Delta Lake Size Requirements

97 views Asked by At

Does delta lake store the changes within file, or just of whole files? Does it just record an deletion of the previous table and an addition of a new, modified table? Or does it record insert/update/deletes on the row level?

Suppose you have a 100MiB table and you change a single row representing 1KiB of data, and you make 100 such changes. Will it take up approximately 100 * 1KiB of space or 100 * 100MiB?

This may depend on the engine, so an answer that differs by engine is acceptable.

2

There are 2 answers

2
Test On

Delta lake efficiently stores the history as updates to individual rows, not a copy of the table for every change. So it will take O(100 * 1KiB).

2
Christopher Grant On

With Deletion Vectors enabled on version 2.3.0+ of the Spark connector, only the row-level deltas are written out so that mutating operations like DELETE and UPDATE do not always cause entire files to be written out.

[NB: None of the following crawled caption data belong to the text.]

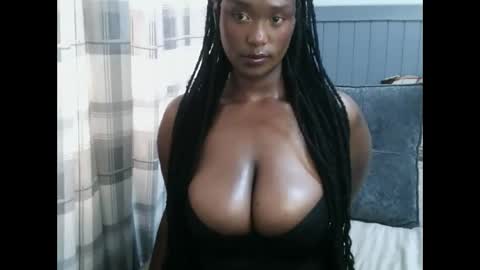 Snapshot of charllette chatting on 8, 5, 2026 charllette online show from 8, 5, 2026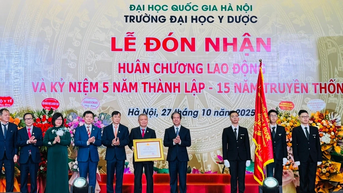 Đại học Y dược, Đại học QG Hà Nội nhận Huân chương Lao động hạng Ba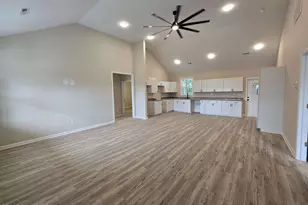 24821 Spring Hill Rd, Wagram, NC 28396 - Photo 3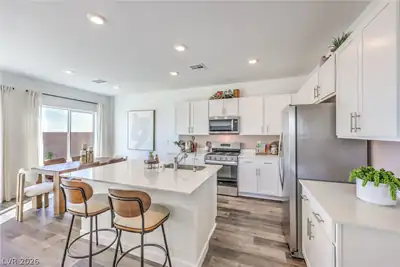904 Alethea River Avenue Kitchen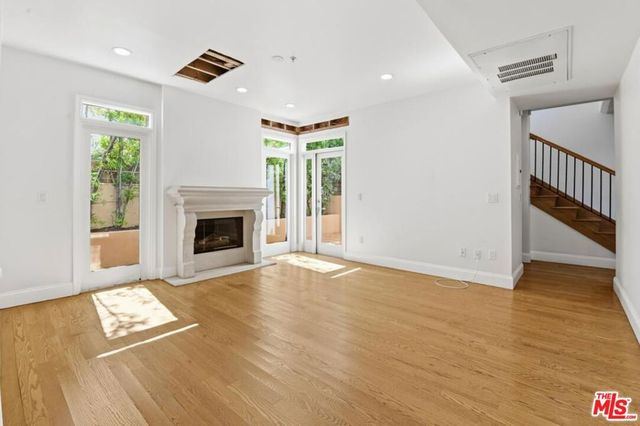 2004 Idaho Avenue, Santa Monica, CA 90403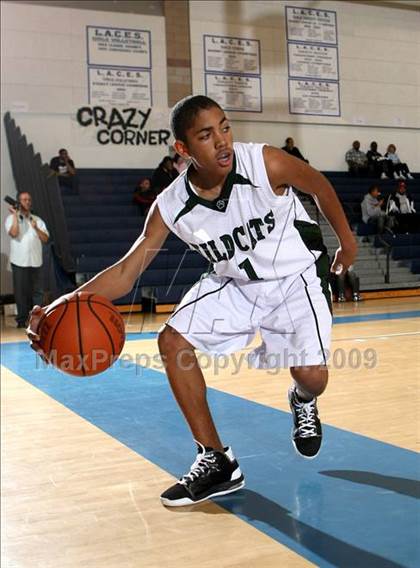 Thumbnail 3 in Twentynine Palms vs. Durango (MLK Hoops Shootout) photogallery.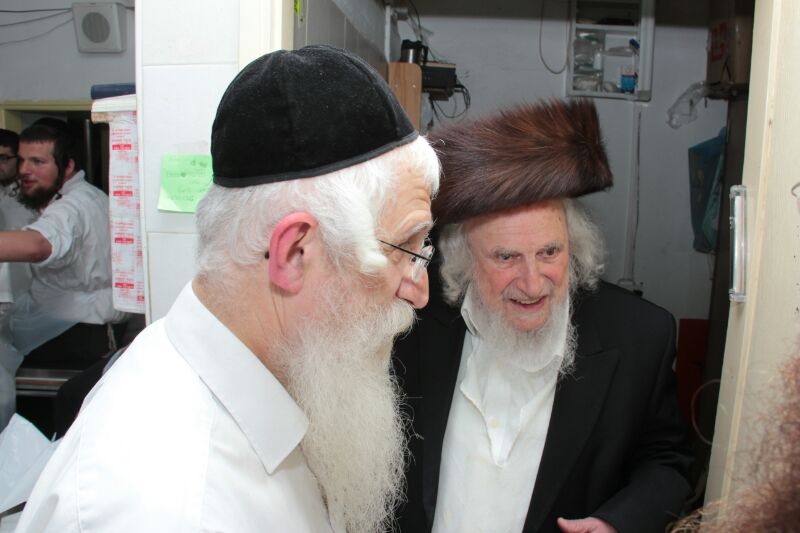 צפו בגלריה: הרבנים הגאונים לבית אוירבך אפו מצות לפסח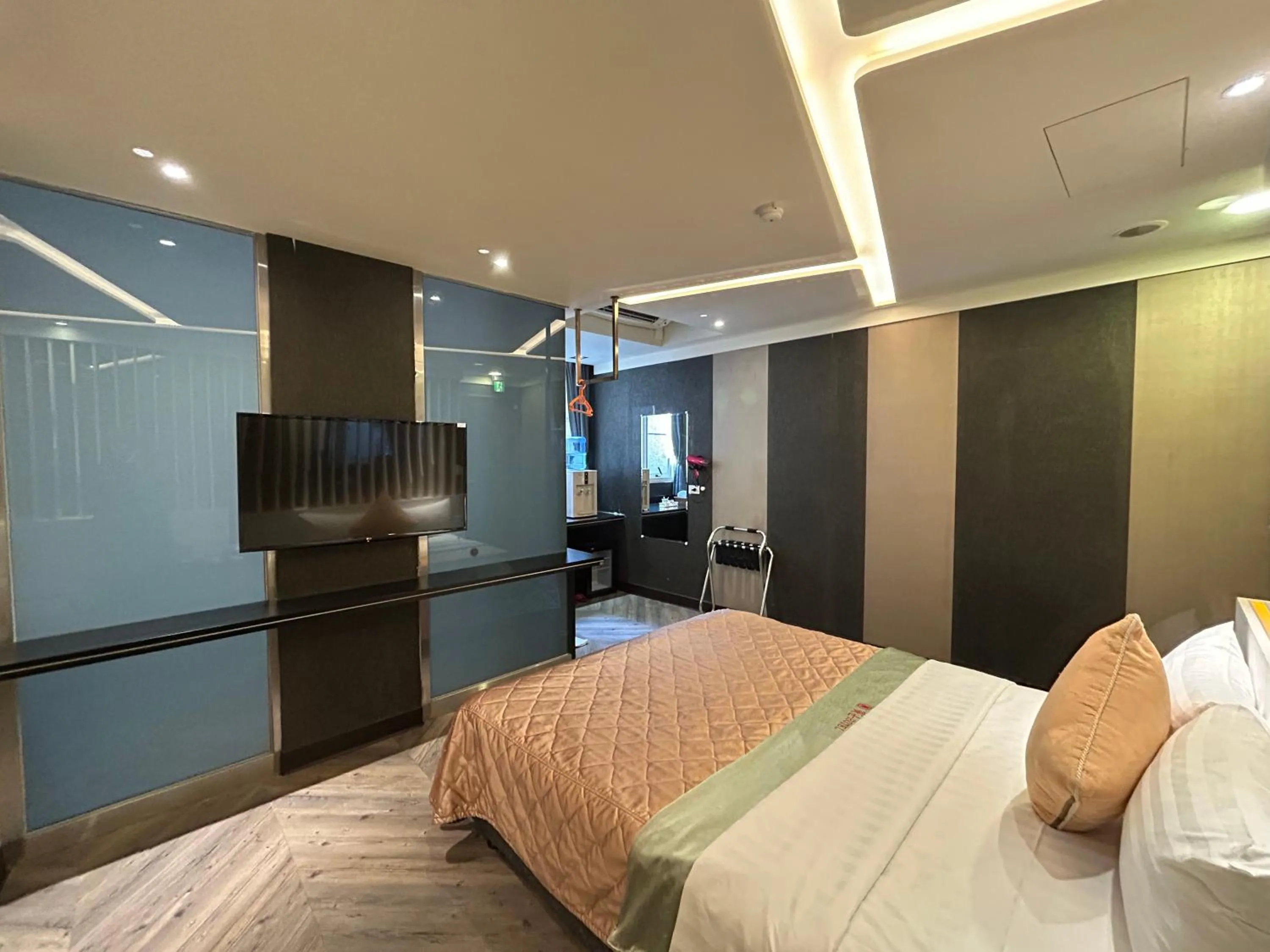 Photo of the whole room, Bed in Benz Hotel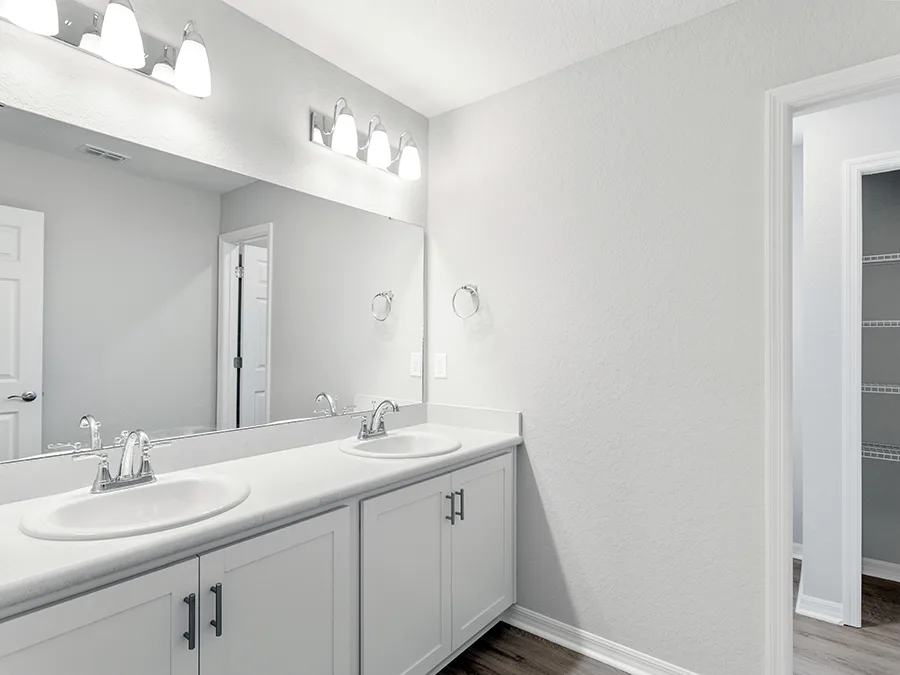 Room Sydney II - Hall Bath Page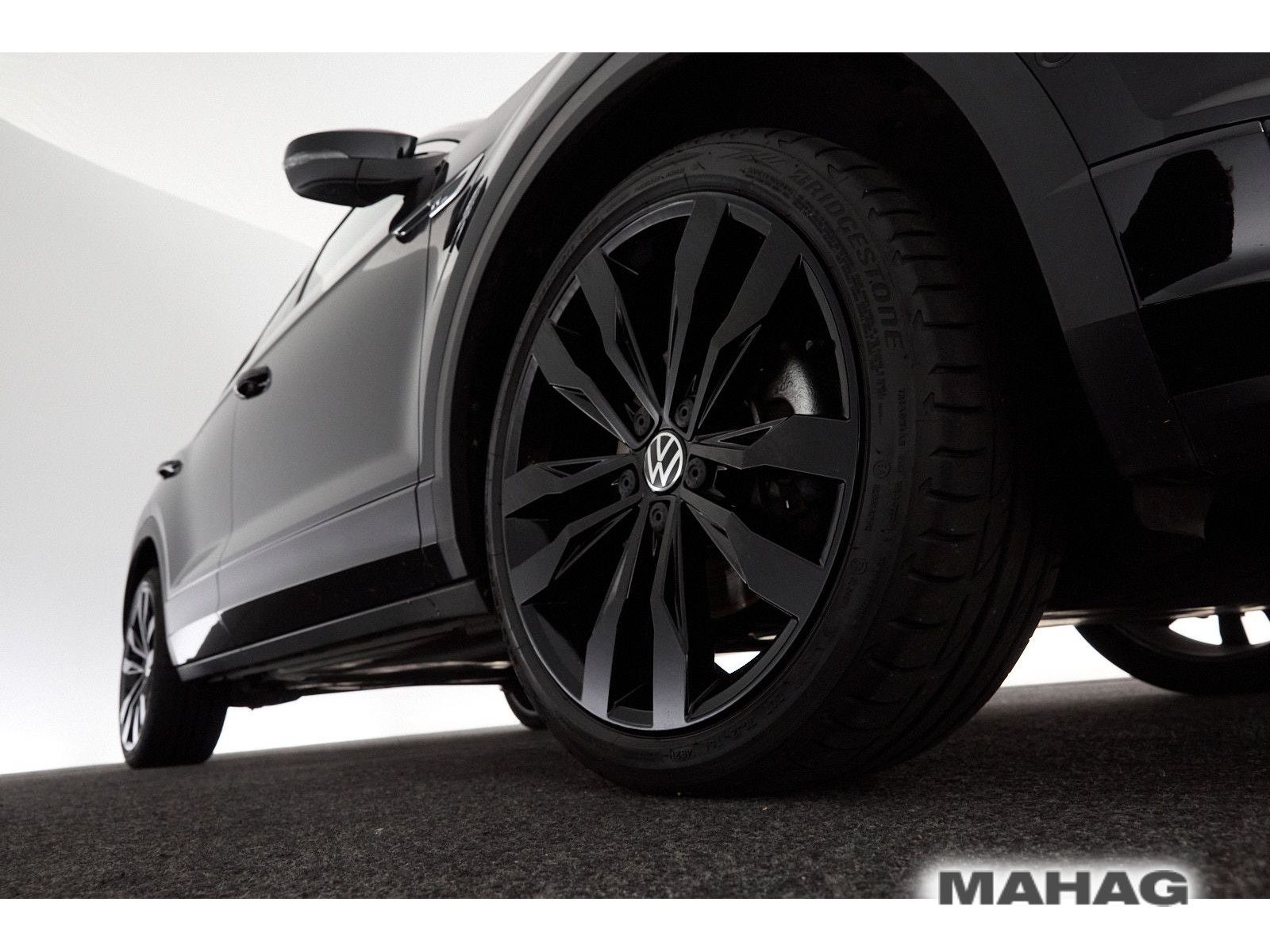 Volkswagen T-ROC 1.5 TSI Sport R-Line - Samsaru's Car Outlet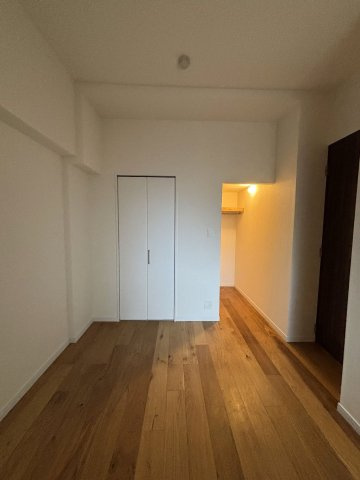 【寝室】 | コロネード春日 | ※同物件別住戸の写真を参考に掲載しております。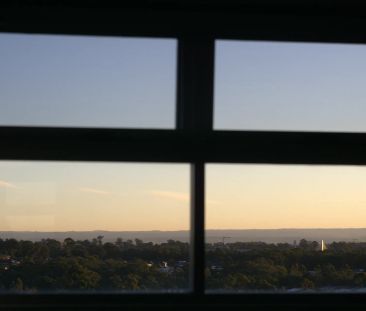 Modern Executive Living with Blue Mountains Views - Photo 4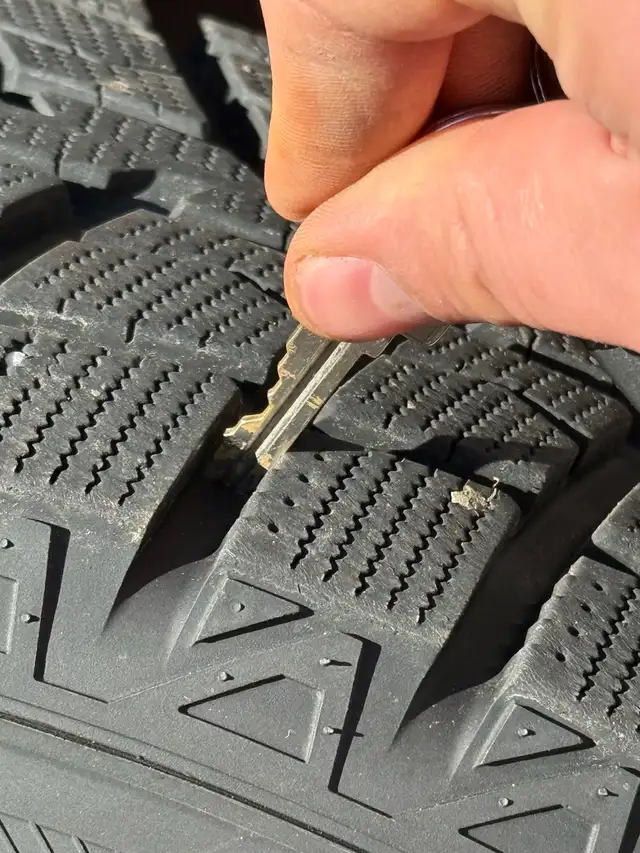 Winter tires on steel rims 235 65r18 in Other Parts & Accessories in Markham / York Region - Image 6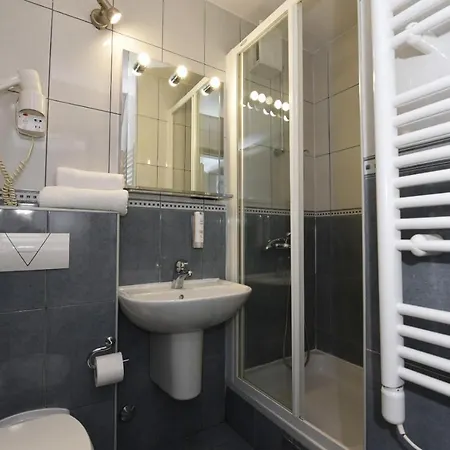 Tolero Отель 3*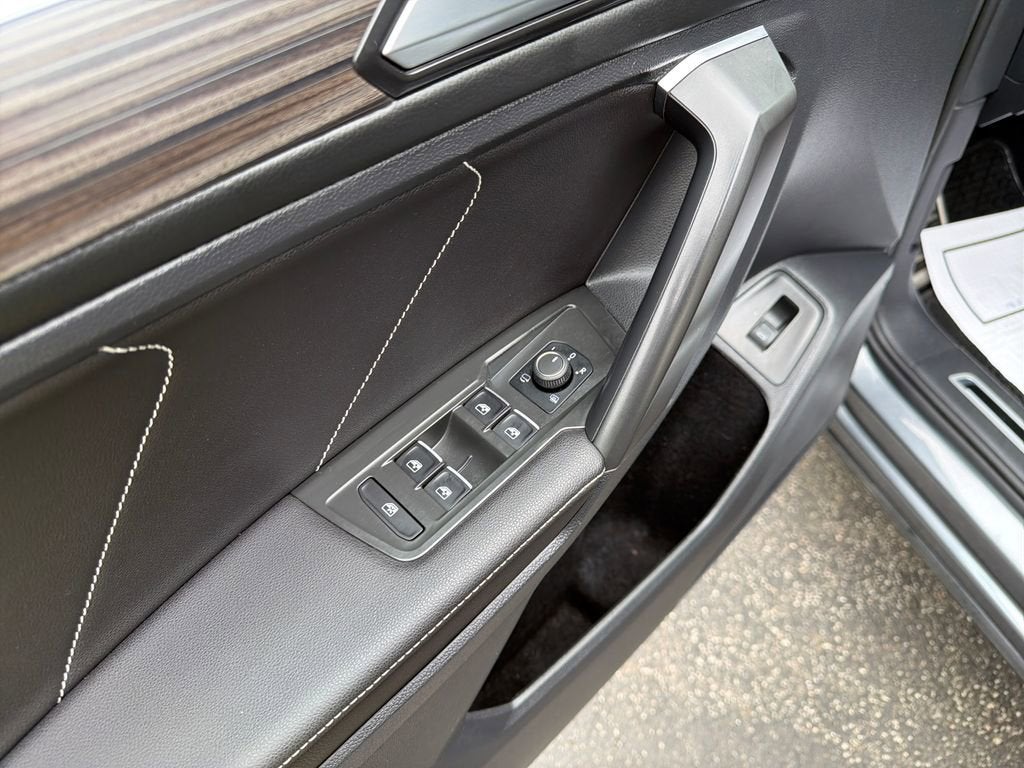 2022 Volkswagen Tiguan 2.0T SEL R-Line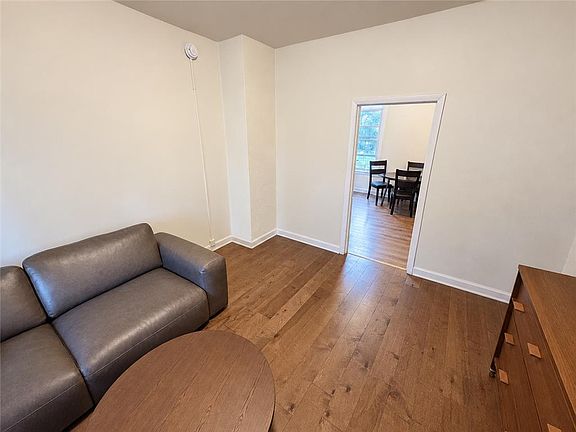 3rd image of 332 N 7th St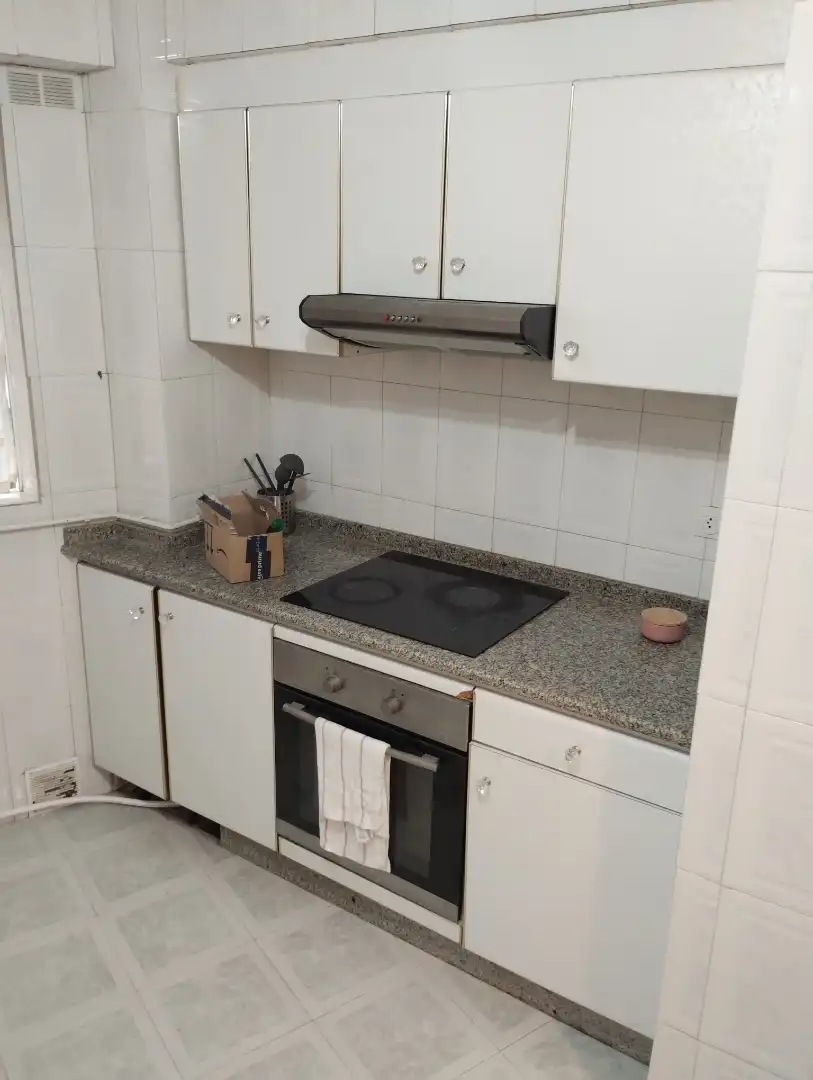 Zimmer in Rúa do Hórreo, 94, Ensanche - Sar
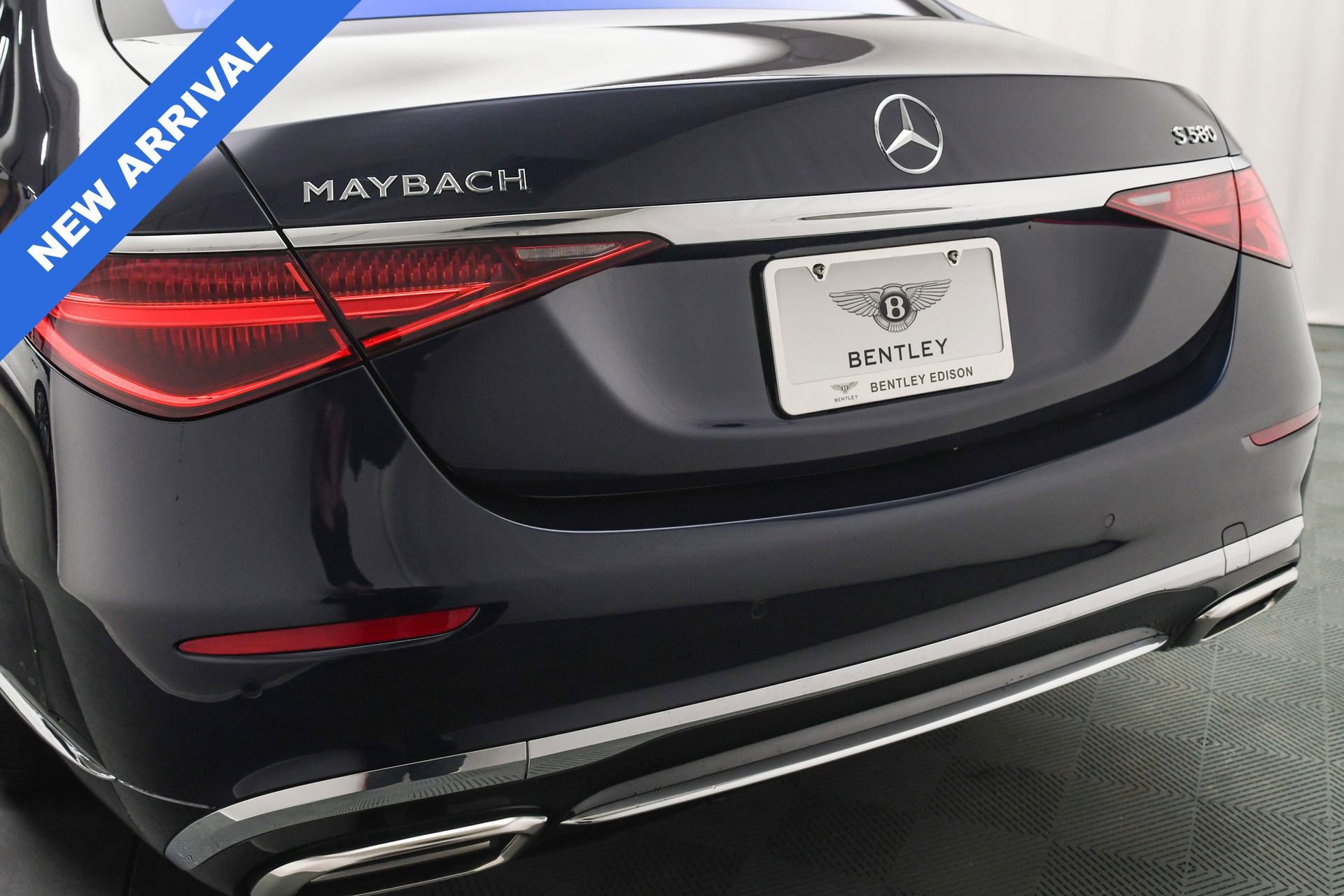 Used 2025 Mercedes-Benz Maybach S 580 4MATIC image 24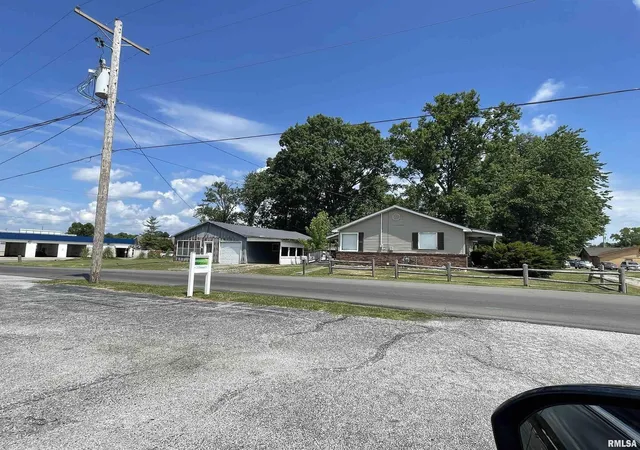 Photo 2 of Land for sale at 1504 W Dufour St, Marion, IL 62959 | MLS# EB458930 | Listing updated on 2026-05-27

Without this feature enabled, you'd rewrite entire files. Taking your example of a table with total size 100MiB and constantly rewriting a 1KiB file, you'd rewrite that 1KiB file 100 times, resulting in 100KiB of re-writes.

With deletion vectors, you'd write a fraction of this, I found a single-value vector file to be ~50 bytes, which is 1/20 the size of your given situation, resulting in 5KiB of writes total. This ratio is already large but becomes a larger factor with real deployments, where files are in the MiB/GiB range, becoming a 5-6 order of magnitude difference in the amount of data written.